- [Exercise prompt]: When you copy the data that follows, reproduce every word exactly and leave out the images.

- [Dataset extract]:
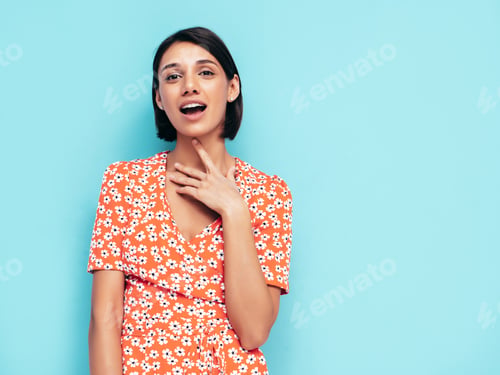 Preview: Beautiful woman posing in studio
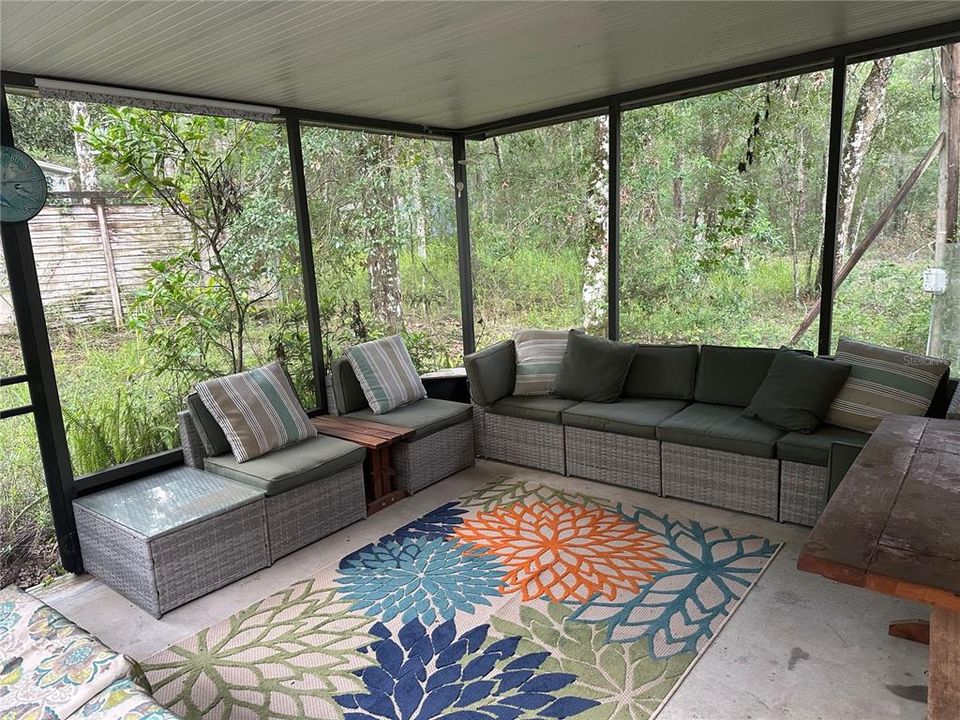 На продажу: $159,000 (2 спален, 1 ванн, 728 Квадратных фут)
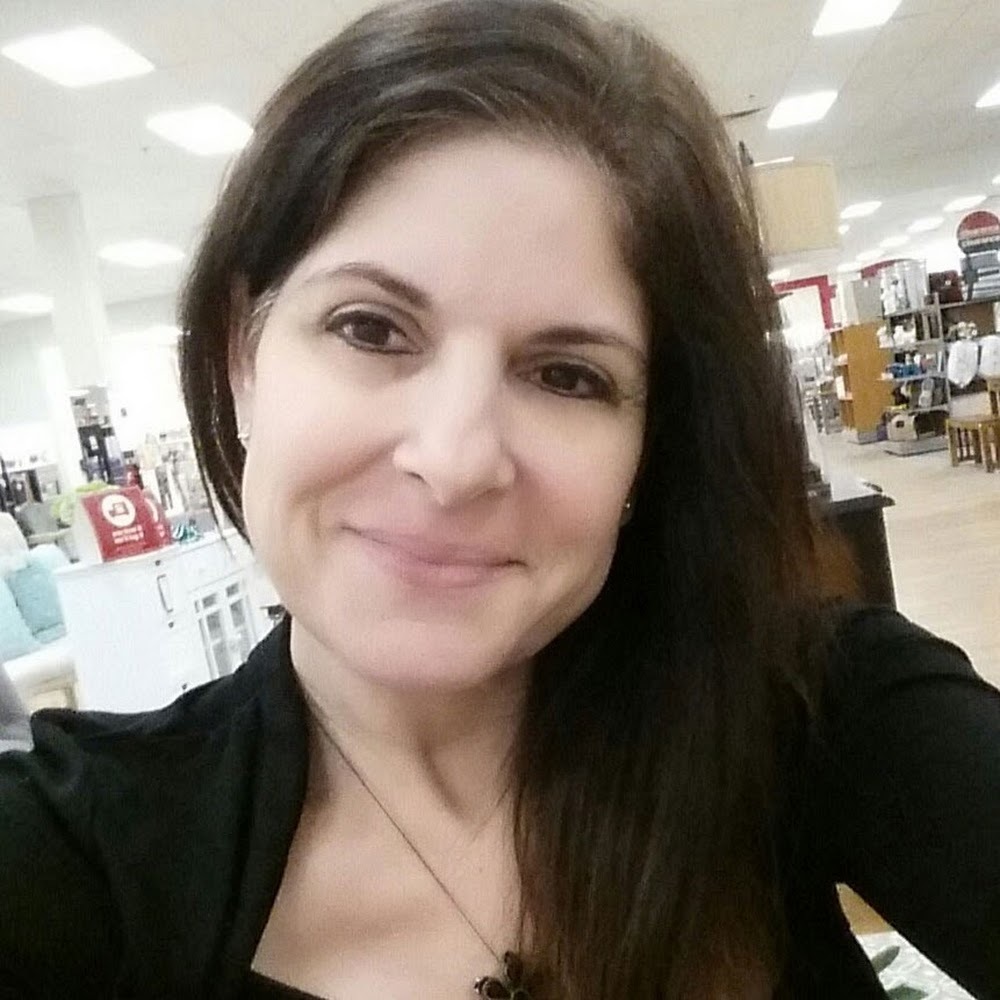 Meet your Posher, Lisa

- [Output for this task]:
 Preview: Beautiful woman posing in studio
 На продажу: $159,000 (2 спален, 1 ванн, 728 Квадратных фут)
 Meet your Posher, Lisa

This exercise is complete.